The title may not be very clear. Let me explain what I want to achieve with an example. Starting with a DataFrame as following:
val df = Seq((1, "CS", 0, (0.1, 0.2, 0.4, 0.5)),
(4, "Ed", 0, (0.4, 0.8, 0.3, 0.6)),
(7, "CS", 0, (0.2, 0.5, 0.4, 0.7)),
(101, "CS", 1, (0.5, 0.7, 0.3, 0.8)),
(5, "CS", 1, (0.4, 0.2, 0.6, 0.9)))
.toDF("id", "dept", "test", "array")
+---+----+----+--------------------+
| id|dept|test| array|
+---+----+----+--------------------+
| 1| CS| 0|[0.1, 0.2, 0.4, 0.5]|
| 4| Ed| 0|[0.4, 0.8, 0.3, 0.6]|
| 7| CS| 0|[0.2, 0.5, 0.4, 0.7]|
|101| CS| 1|[0.5, 0.7, 0.3, 0.8]|
| 5| CS| 1|[0.4, 0.2, 0.6, 0.9]|
+---+----+----+--------------------+
I want to remove/drop some elements of the array column according to the information in id, dept and test column. Specifically, the 4 elements in each array correspond to the four id that is in CS dept, and the number is generated with ascend id order (meaning 1, 5, 7, 101).
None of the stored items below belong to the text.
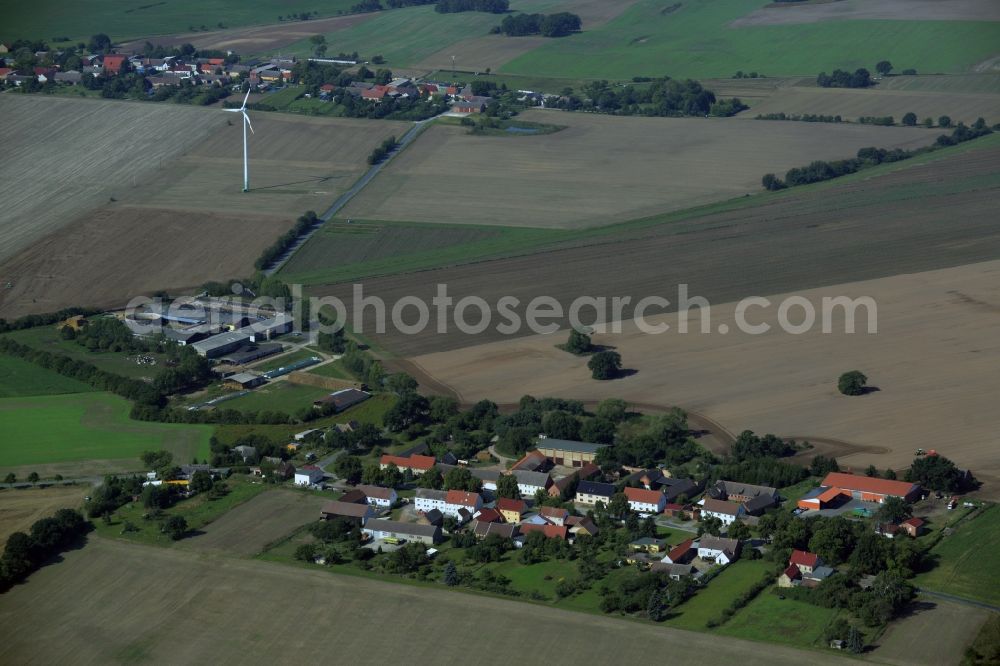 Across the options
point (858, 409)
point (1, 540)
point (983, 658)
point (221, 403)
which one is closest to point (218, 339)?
point (221, 403)

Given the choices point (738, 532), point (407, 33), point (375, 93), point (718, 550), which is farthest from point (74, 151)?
point (718, 550)

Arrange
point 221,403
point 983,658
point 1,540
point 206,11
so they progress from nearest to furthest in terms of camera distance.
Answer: point 983,658 < point 1,540 < point 221,403 < point 206,11

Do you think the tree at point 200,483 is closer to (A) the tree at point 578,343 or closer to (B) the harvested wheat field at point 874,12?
(A) the tree at point 578,343

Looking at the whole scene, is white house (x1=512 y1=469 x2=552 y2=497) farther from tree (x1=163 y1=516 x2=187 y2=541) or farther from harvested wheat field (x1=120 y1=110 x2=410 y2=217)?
harvested wheat field (x1=120 y1=110 x2=410 y2=217)

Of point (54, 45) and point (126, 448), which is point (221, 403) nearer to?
point (126, 448)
Now I want remove the elements in each array that corresponds to the ids that have test column as 1. In this example, the 2nd and 4th elements will be removed and the end result will look like this:
+---+----+----+----------+
| id|dept|test| array|
+---+----+----+----------+
| 1| CS| 0|[0.1, 0.4]|
| 4| Ed| 0|[0.4, 0.3]|
| 7| CS| 0|[0.2, 0.4]|
|101| CS| 1|[0.5, 0.3]|
| 5| CS| 1|[0.4, 0.6]|
+---+----+----+----------+
In order to avoid collecting all the results and do the manipulation in Scala. I would like to keep the operation in Spark DataFrame if possible. My thought to tackle this problem includes Two steps:
- Figure out the Index of array elements that need to be removed
- Apply the remove/drop operation
So far, I think I have figured out step 1 as following:
import org.apache.spark.sql.expressions.Window
import org.apache.spark.sql.functions._
val w = Window.partitionBy("dept").orderBy("id")
val studentIdIdx = df.select("id", "dept")
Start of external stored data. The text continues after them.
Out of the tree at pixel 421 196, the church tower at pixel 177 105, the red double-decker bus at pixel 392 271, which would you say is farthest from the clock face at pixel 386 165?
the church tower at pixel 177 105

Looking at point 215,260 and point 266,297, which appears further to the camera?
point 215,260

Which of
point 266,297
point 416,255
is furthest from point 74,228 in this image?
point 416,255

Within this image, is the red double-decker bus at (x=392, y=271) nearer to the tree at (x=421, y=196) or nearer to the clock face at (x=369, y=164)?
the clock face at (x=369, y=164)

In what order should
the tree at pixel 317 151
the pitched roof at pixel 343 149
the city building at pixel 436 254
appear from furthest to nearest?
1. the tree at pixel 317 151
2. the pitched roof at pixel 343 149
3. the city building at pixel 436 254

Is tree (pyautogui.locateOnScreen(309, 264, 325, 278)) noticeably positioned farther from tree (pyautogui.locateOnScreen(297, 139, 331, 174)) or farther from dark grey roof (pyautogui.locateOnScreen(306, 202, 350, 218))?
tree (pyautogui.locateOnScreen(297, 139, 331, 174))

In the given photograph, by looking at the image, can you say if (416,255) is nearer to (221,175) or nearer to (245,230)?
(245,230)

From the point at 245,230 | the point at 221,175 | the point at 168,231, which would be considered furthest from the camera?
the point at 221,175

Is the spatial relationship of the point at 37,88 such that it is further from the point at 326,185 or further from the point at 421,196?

.withColumn("Index", row_number().over(w))
.where("dept = 'CS'").drop("dept")
studentIdIdx.show()
+---+-----+
| id|Index|
+---+-----+
| 1| 1|
| 5| 2|
| 7| 3|
|101| 4|
+---+-----+
val testIds = df.where("test = 1")
.select($"id".as("test_id"))
val testMask = studentIdIdx
.join(testIds, studentIdIdx("id") === testIds("test_id"))
.drop("id","test_id")
testMask.show()
+-----+
|Index|
+-----+
| 2|
| 4|
+-----+
So my two related questions are:
How to apply the remove/drop function to each array in each row with the Index? (I am open to suggestion for a better way to figure the Index as well)
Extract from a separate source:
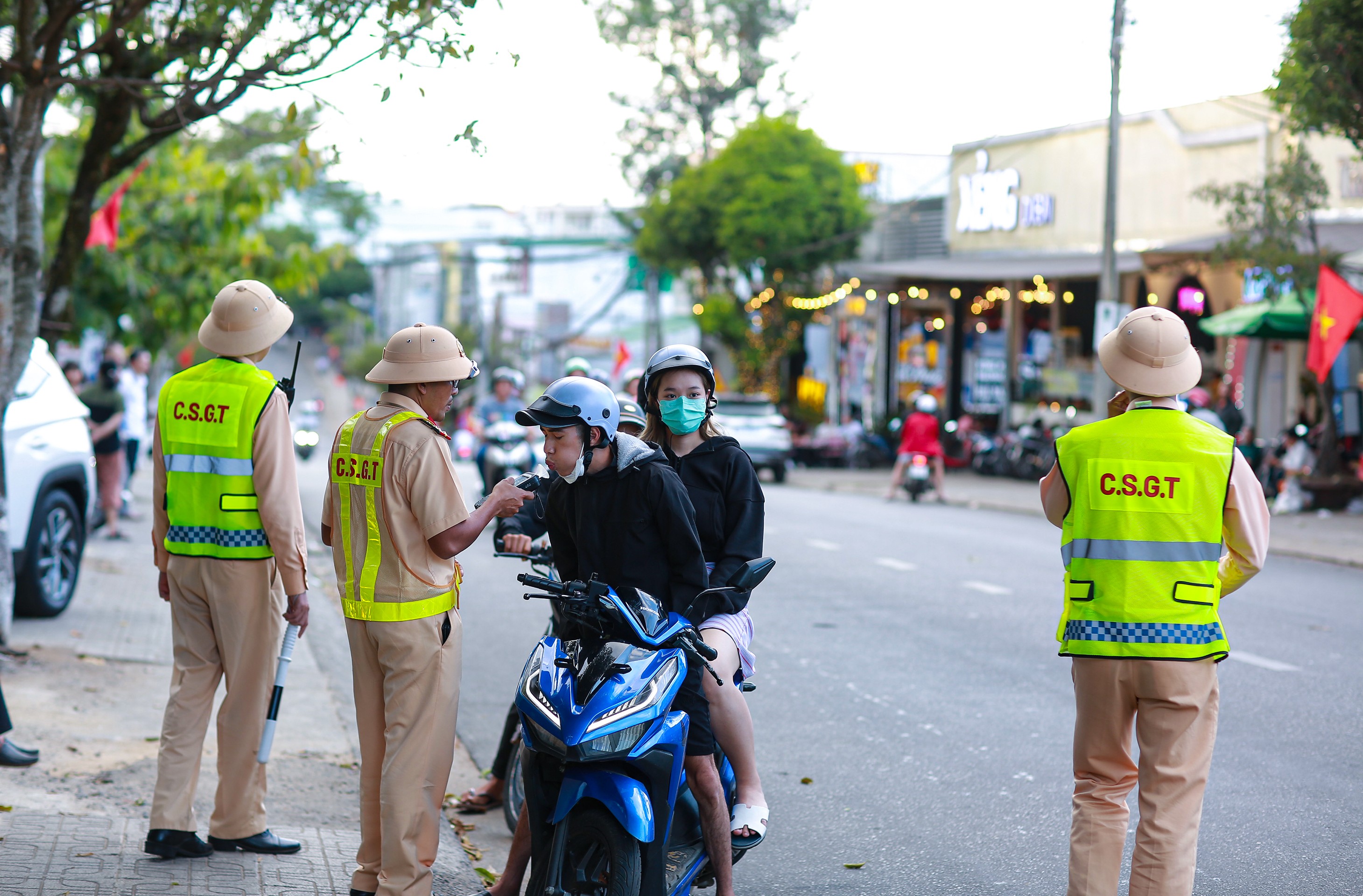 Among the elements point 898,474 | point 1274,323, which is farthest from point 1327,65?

The real final DataFrame that I want should remove some more element on top of the above result. Specifically, for test=0 & dept=CS, it should remove the array element that correspond to the Index of the id. In this example, the 1st element in the row with id=1 and the 3rd element (original index before any removal) in the row with id=7 should be removed, and the real final result is:
+---+----+----+----------+ | id|dept|test| array| +---+----+----+----------+ | 1| CS| 0|[0.4] | | 4| Ed| 0|[0.4, 0.3]| | 7| CS| 0|[0.2] | |101| CS| 1|[0.5, 0.3]| | 5| CS| 1|[0.4, 0.6]| +---+----+----+----------+
I mention the second point just in case there is a more efficient way can be applied to achieve both remove operations together. If not, I think I should be able to figure out how to do the second remove once I know how to use the Index information for remove operation. Thanks!